[[ DATASET EXCERPT, beginning ]]

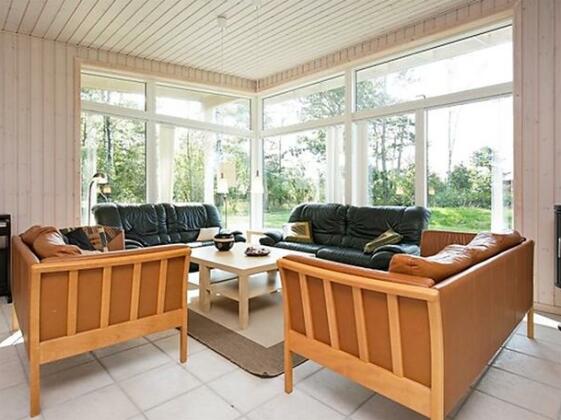 Three-Bedroom Holiday home in Knebel 18 - Photo4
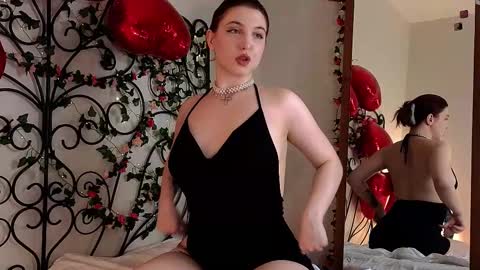 Snapshot of lisavamp chatting on February 2025 11:25:02 PM LisaVamp online show from February 2025 11:25:02 PM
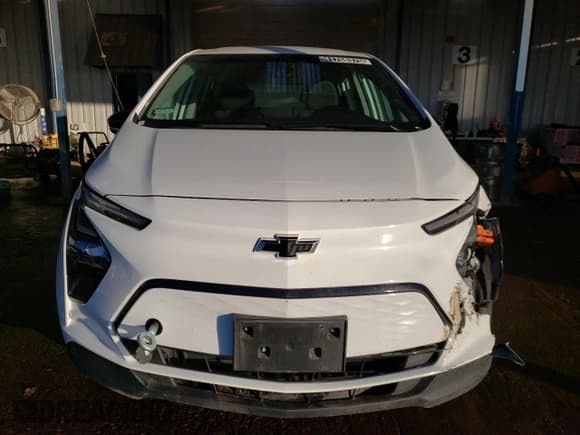✅ 2023 Chevrolet Bolt EV 1LT • VIN: 1G1FW6S00P4164496 • Lot: 41758375. Wystawiony na Copart z przebiegiem 16 177 mil. Bezpłatny archiwum sprzedaży aukcyjnych z USA i szczegółowy raport historii pojazdu na DreamBid. Zdjęcie 5.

[[ DATASET EXCERPT, end ]]

* [TASK ITEM]
An exact repeat of all the data is required, pictures excluded.

* [SOLUTION TO THE EXERCISE]
 Three-Bedroom Holiday home in Knebel 18 - Photo4
 Snapshot of lisavamp chatting on February 2025 11:25:02 PM LisaVamp online show from February 2025 11:25:02 PM
✅ 2023 Chevrolet Bolt EV 1LT • VIN: 1G1FW6S00P4164496 • Lot: 41758375. Wystawiony na Copart z przebiegiem 16 177 mil. Bezpłatny archiwum sprzedaży aukcyjnych z USA i szczegółowy raport historii pojazdu na DreamBid. Zdjęcie 5.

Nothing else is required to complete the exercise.